Supplied material —
>>>
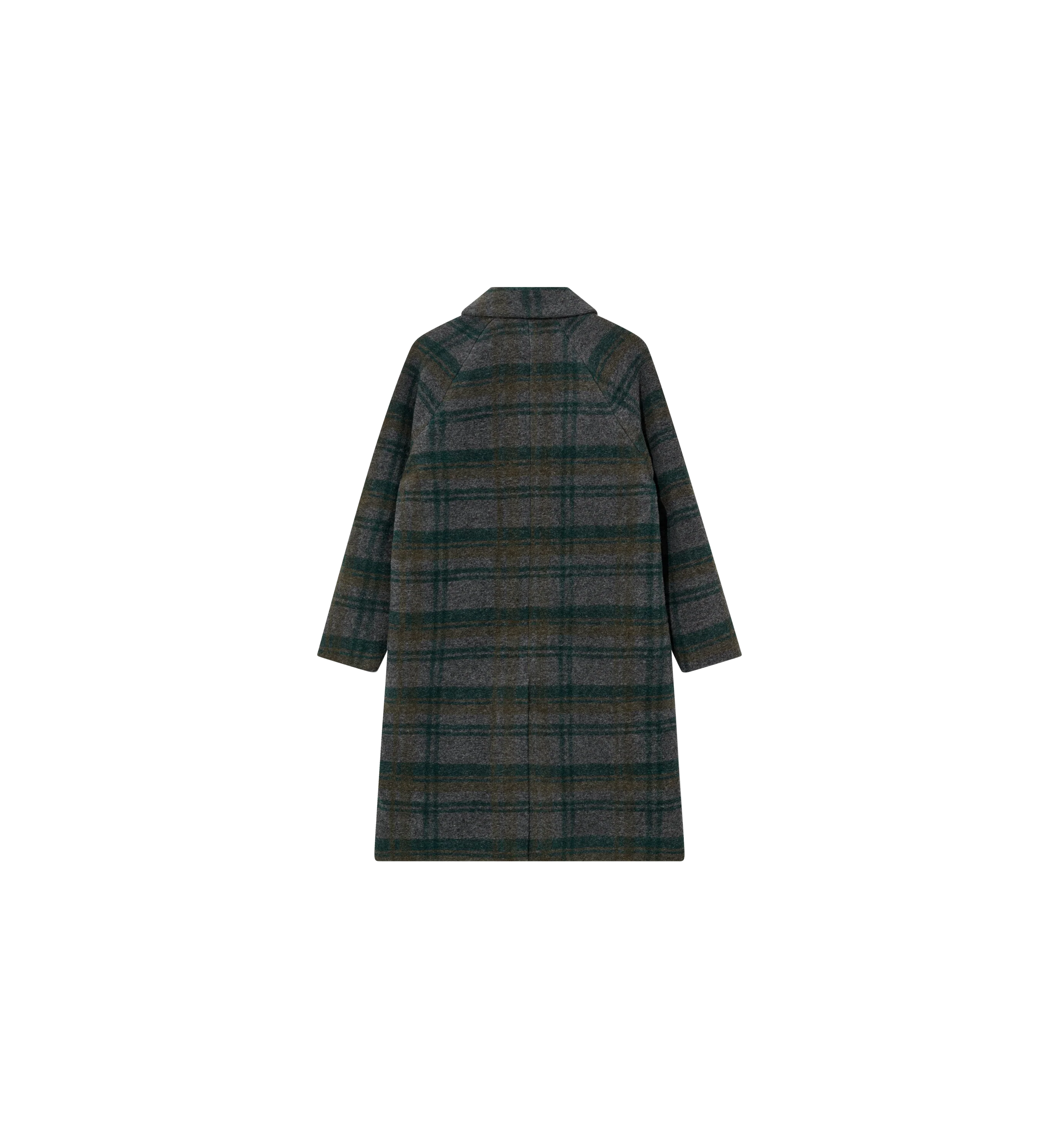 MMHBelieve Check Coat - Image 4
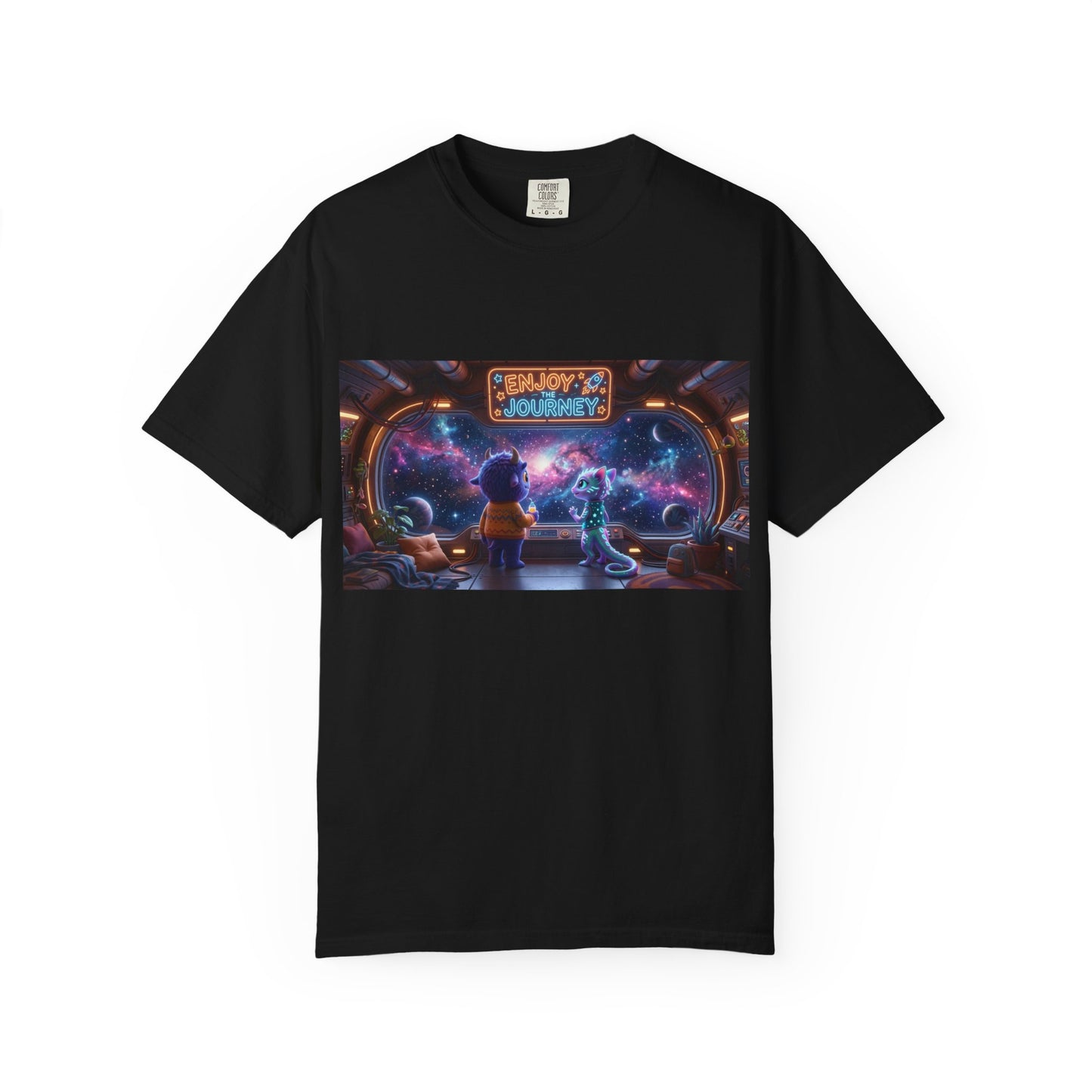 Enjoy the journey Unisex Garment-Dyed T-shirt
<<<
>>>
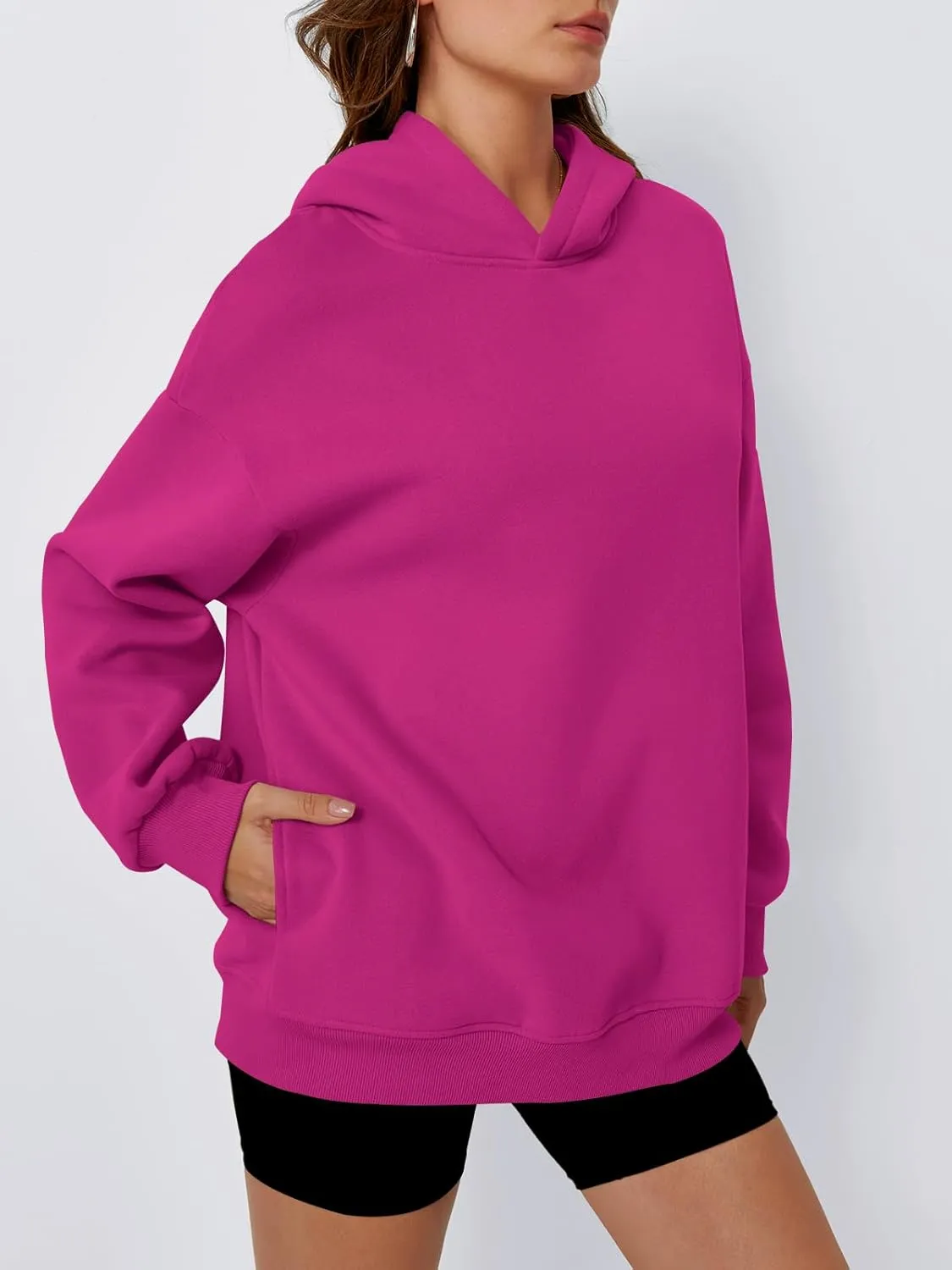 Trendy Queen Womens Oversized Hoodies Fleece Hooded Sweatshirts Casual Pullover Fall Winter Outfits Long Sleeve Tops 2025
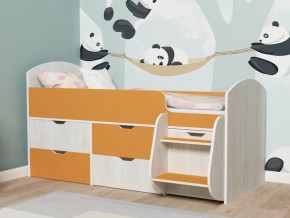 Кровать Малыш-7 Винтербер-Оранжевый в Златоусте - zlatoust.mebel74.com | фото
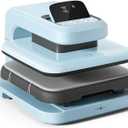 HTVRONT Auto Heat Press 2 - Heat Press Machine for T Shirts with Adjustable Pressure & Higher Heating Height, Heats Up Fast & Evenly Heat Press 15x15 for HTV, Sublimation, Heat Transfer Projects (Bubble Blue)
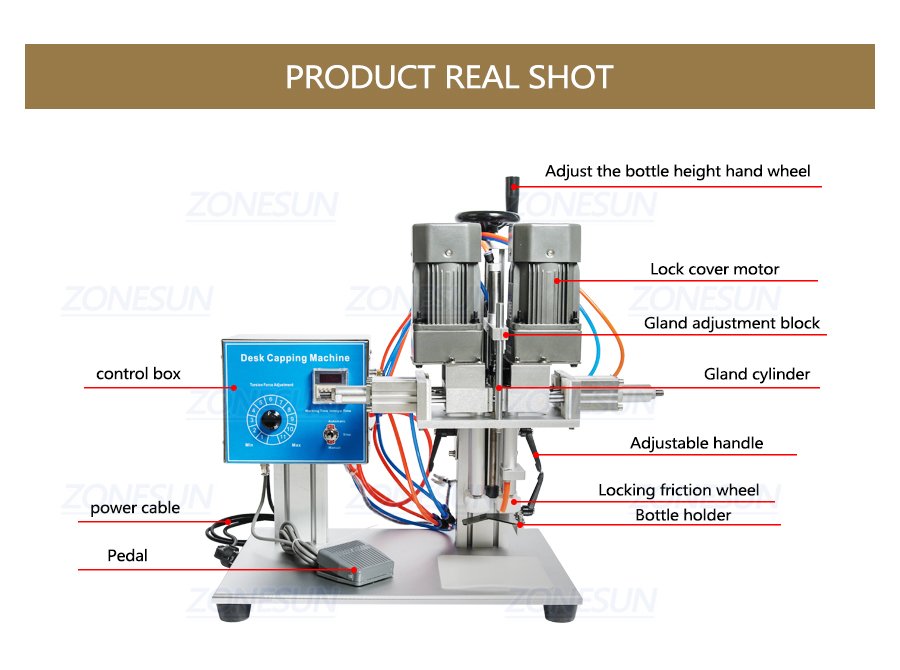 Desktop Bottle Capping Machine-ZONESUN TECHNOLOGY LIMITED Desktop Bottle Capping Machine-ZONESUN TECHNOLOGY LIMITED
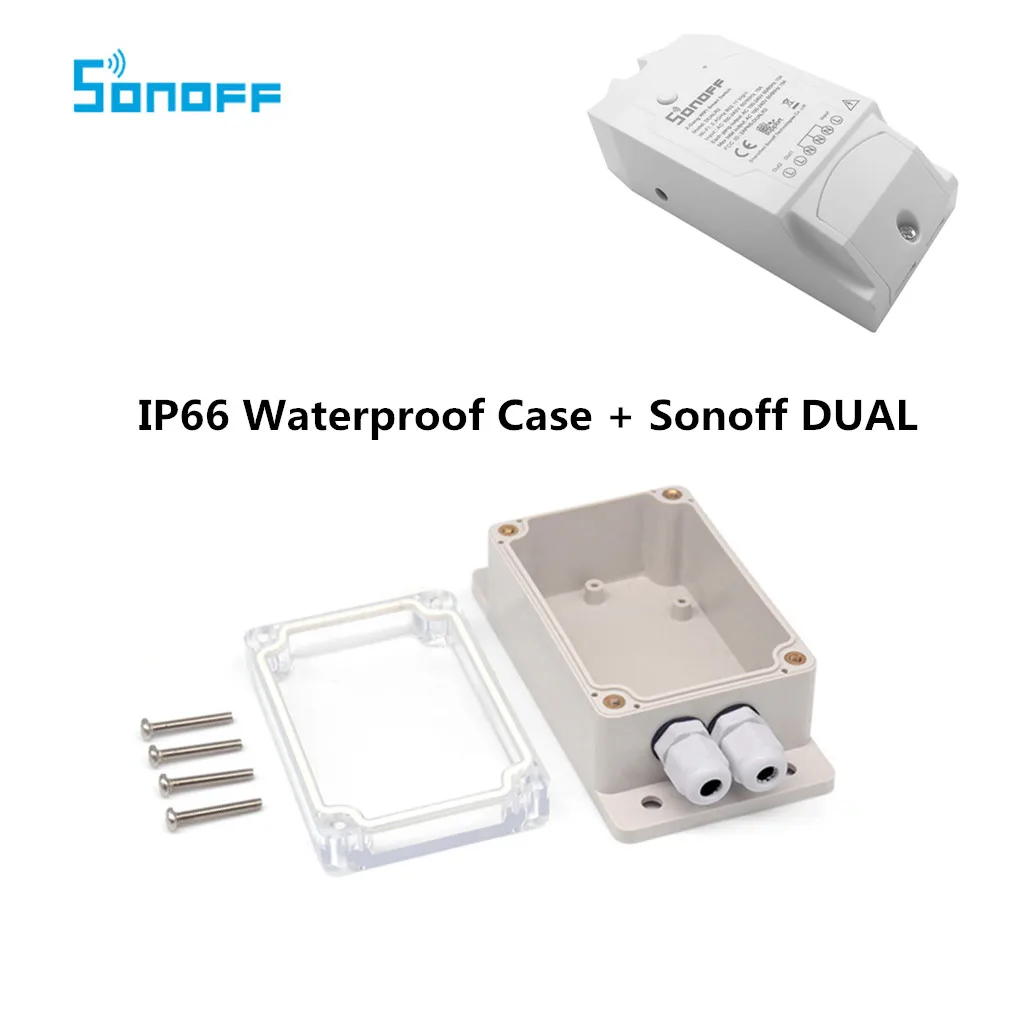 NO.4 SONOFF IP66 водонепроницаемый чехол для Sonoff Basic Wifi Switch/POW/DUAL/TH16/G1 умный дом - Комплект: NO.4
<<<
Task details — In the listing above, find the line containing "Trendy Queen Womens" and the line containing "TECHNOLOGY LIMITED Desktop", then print exactly those two lines and every line between them, minus the pictures.

Output of the task —
 Trendy Queen Womens Oversized Hoodies Fleece Hooded Sweatshirts Casual Pullover Fall Winter Outfits Long Sleeve Tops 2025
 Кровать Малыш-7 Винтербер-Оранжевый в Златоусте - zlatoust.mebel74.com | фото
 HTVRONT Auto Heat Press 2 - Heat Press Machine for T Shirts with Adjustable Pressure & Higher Heating Height, Heats Up Fast & Evenly Heat Press 15x15 for HTV, Sublimation, Heat Transfer Projects (Bubble Blue)
 Desktop Bottle Capping Machine-ZONESUN TECHNOLOGY LIMITED Desktop Bottle Capping Machine-ZONESUN TECHNOLOGY LIMITED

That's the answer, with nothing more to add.